Directions:
What you return should match every record exactly, with the images removed.

Dataset entries:

*** Begin section ***

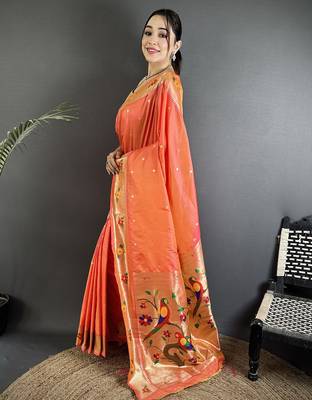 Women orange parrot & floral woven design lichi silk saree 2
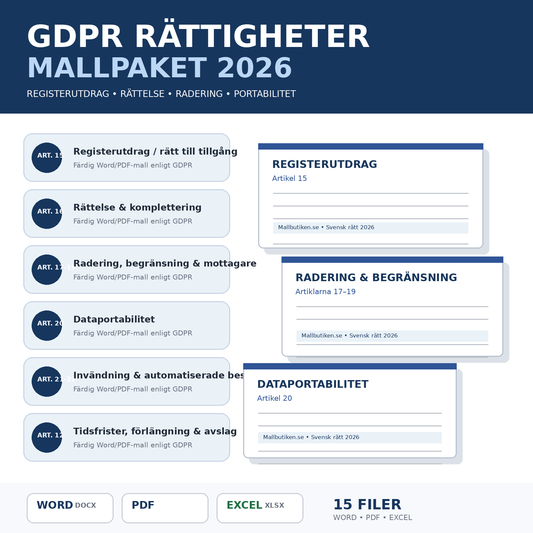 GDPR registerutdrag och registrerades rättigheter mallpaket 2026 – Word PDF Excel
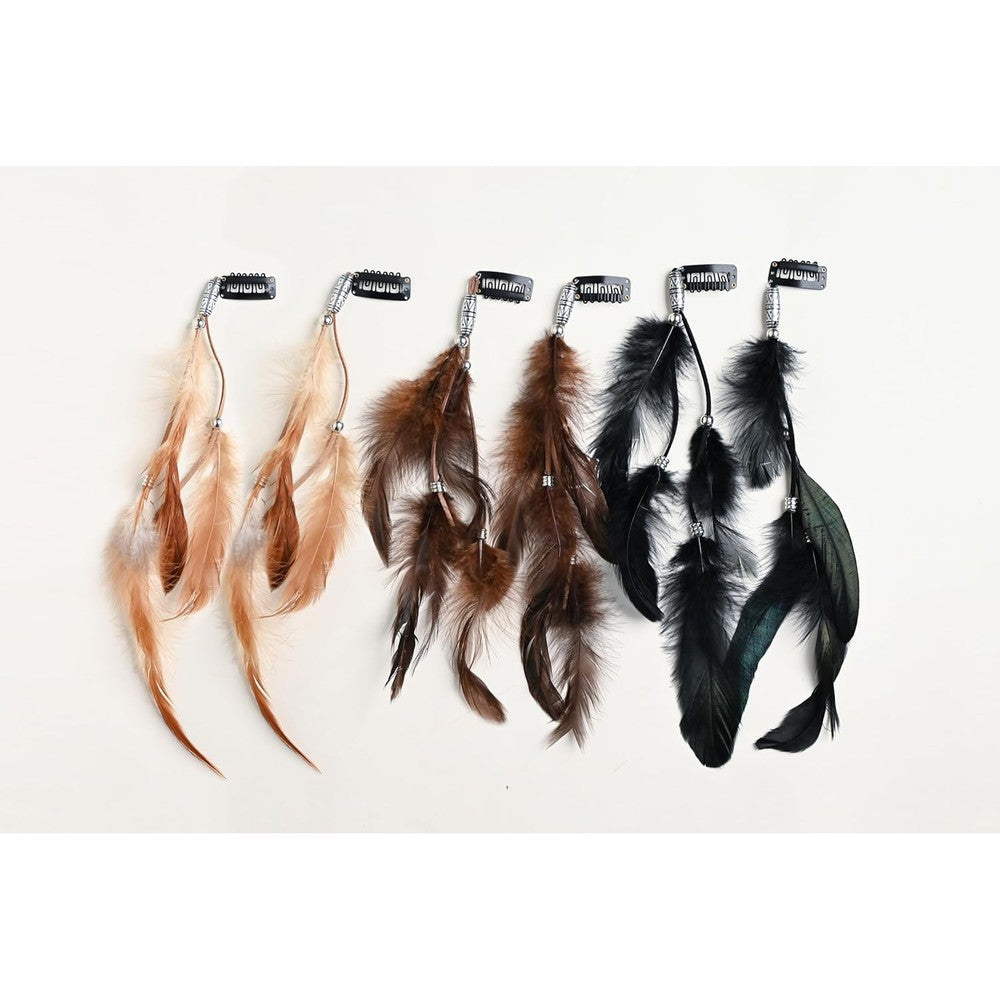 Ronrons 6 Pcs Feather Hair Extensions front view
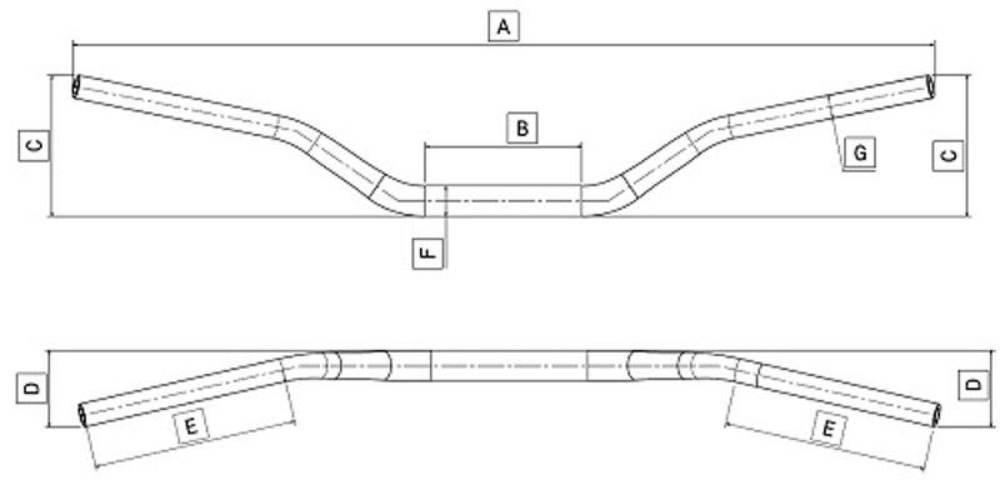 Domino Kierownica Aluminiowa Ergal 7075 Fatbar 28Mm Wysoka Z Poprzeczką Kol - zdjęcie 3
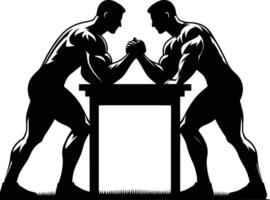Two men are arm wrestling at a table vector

*** End section ***

Exercise result:
 Women orange parrot & floral woven design lichi silk saree 2
 GDPR registerutdrag och registrerades rättigheter mallpaket 2026 – Word PDF Excel
 Ronrons 6 Pcs Feather Hair Extensions front view
 Domino Kierownica Aluminiowa Ergal 7075 Fatbar 28Mm Wysoka Z Poprzeczką Kol - zdjęcie 3
Two men are arm wrestling at a table vector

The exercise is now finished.